Kind regards from George Rácz who won several traditional gulyás challenges.
Caitlin says
I’d love your recipe please! =) also making this one of Nagis tonight as it looks delicious regardless =)
RobinB says
I’m afraid that when I first tasted this I was a little disappointed. It didn’t have a lot of taste, apart from the paprika.
However I had made several meals’ worth, and after the first round I decided to pep it up with a hit of cayenne — not a lot, but enough to give it a real kick. That was exactly what it needed, and with the cayenne it was delicious 😊😊
Pia Hinsley says
Made this for my Step-Fathers birthday on Friday night. He’s all about anything with lots of sauce / gravy. Utterly divine. Thank you again Nagi
Kate says
Another winner, thanks Nagi! Served with sour cream and loved it! We ate half tonight and will freeze the rest for our winter camping dinner 🙂
Tony says
For Slow cooker it says – 6 hours on low, add potato and carrot, 2 hours on low. Does this mean you you add potato and carrot after 4 hours IE 2 hours before the end?
Jade says
I would read it as 6 hours on low then add potato and carrot then another 2 hrs on low
Elise says
I believe it means 8 hours total. 6 hours on low + another 2 hours after adding the carrots and potatoes.
Wendy says
I tried this recipe tonight, and it’s absolutely delicious 😋
Krisby says
Made this for dinner this past weekend. OMG! Sooo good.
I grew up in a family that was fairly poor. My mother would make (Southern) goulash with ground beef. Couldn’t afford the beef chuck, which I DID use this time.
She also added corn and macaroni noodles to stretch it. So, yes I added those as well, but otherwise followed your recipe. Another total “go to”. Couldn’t stop eating it. Such wonderful tastes and such great memories. Thanks, thanks, thanks.

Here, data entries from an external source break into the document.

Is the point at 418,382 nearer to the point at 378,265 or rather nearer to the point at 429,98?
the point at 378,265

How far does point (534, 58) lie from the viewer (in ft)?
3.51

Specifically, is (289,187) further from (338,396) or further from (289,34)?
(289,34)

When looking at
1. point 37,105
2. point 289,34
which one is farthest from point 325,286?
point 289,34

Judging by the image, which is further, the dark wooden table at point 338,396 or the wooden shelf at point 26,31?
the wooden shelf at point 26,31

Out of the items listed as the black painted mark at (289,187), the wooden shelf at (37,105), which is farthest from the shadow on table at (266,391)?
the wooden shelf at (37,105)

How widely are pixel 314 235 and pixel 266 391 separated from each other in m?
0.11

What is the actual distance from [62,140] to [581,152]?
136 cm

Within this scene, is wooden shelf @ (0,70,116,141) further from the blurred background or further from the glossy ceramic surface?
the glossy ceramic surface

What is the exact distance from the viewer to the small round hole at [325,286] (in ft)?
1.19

Hugs from me and wet nose kisses from, my Sarjah (ASD rescue.)
Rachel Macdonald says
Sooooo good. The meat was fall apart tender. Flavour amazing. We added a dollop of sour cream and I would add some button
Mushrooms along with the carrots and potatoes next time.
Thumbs up from everyone!
Kate Fogarty says
Never made Goulash before but this was an instant hit in our household when I made it – so will be making again for sure! Great for “mid-week sports” families as everyone can help themselves from the pot when they get home – you don’t have to worry about mash or hot sides. Bread is good!!
Tracey says
I’ve been craving Hungarian Goulash for weeks !!! Made this today and it was everything I’d been craving and more!! Definitely a new favourite 😍
Michael Meinersmann says
Absolutely delicious, and easy! Love your recipes Nagi!
Kat Barna says
Like you said, there are so many regional variations of gulyás it’s hard to make every authentic fan happy. But you got this, it’s a great rendition. My dad would happily blob sour cream on it and eat it with fresh Bogyiszlói paprika
John Marshall (in the UK) says
Made it. Another brill recipe. Could not do it immediately, had to wait for some genuine Hungarian paprika to arrive. ( you are correct does taste better than my Spanish paprika) Thanks Nagi.